Border communities profiting from Texas surge of law enforcement to the area.

Bloomberg:
In Rio Grande City, named for the river that splits the U.S. from Mexico, footpaths cut from the brush by drug-smugglers and illegal immigrants have a new look, rehabbed into family-friendly hike-and-bike trails.

The town of 14,000, seat of the poorest county in Texas, put $80,000 into the project, and is spending $125,000 on a new park. It bought a vacant building for $1.3 million Monday that will become the new City Hall. Everybody knows where the money’s coming from, because they’re everywhere -- the border-patrol agents who crowd the most popular taco trucks at lunchtime and get their shirts starched over at Comet Cleaners.

Now that the state has authorized $800 million to ratchet up security on the Mexico line, more troopers are on their way to deliver another shot to what might be the biggest stimulus program this needy part of Texas has ever seen. Even some critics of border-defense spending have changed their tune.

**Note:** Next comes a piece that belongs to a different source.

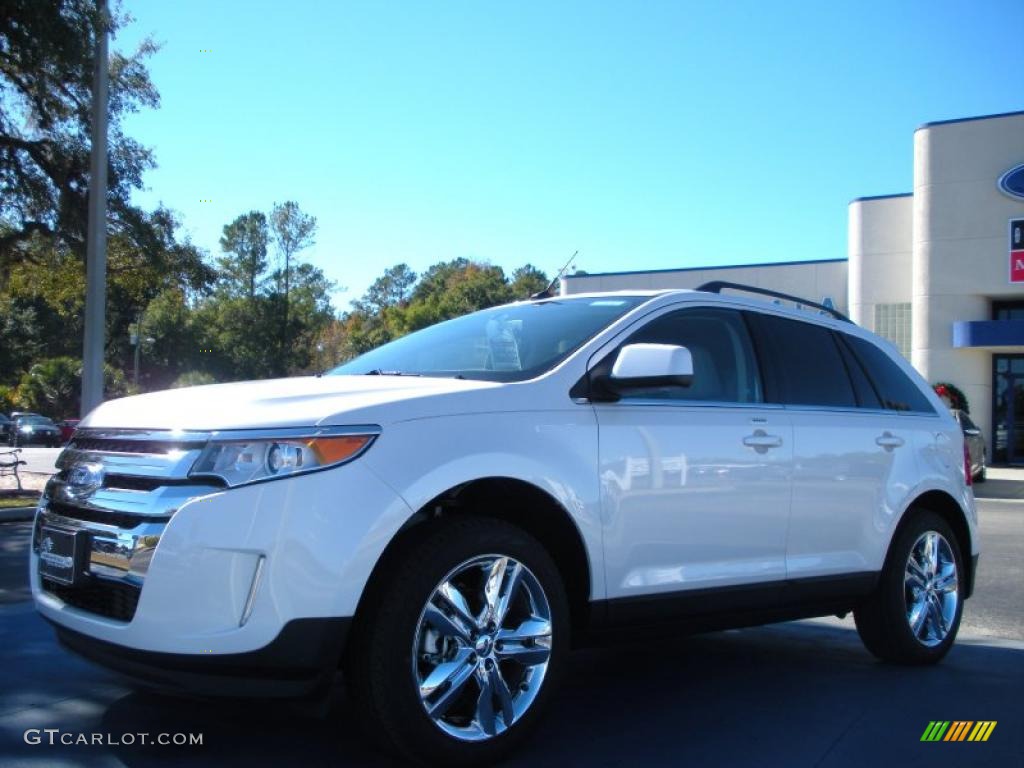 White Platinum Tri-Coat 2011 Ford Edge Limited Exterior Photo #41461698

“We’ve quit fighting,” said Steve Ahlenius, president of the Chamber of Commerce in McAllen, who has opposed a buildup of forces as a misdirected waste of money. “We’ve finally just come to the conclusion that we’ll welcome the investment -- and treat it as an investment.”
...
There is much more.

The law enforcement people are spending more than the illegals who are attempting to pass through.  It also has the added benefit of making their communities safer.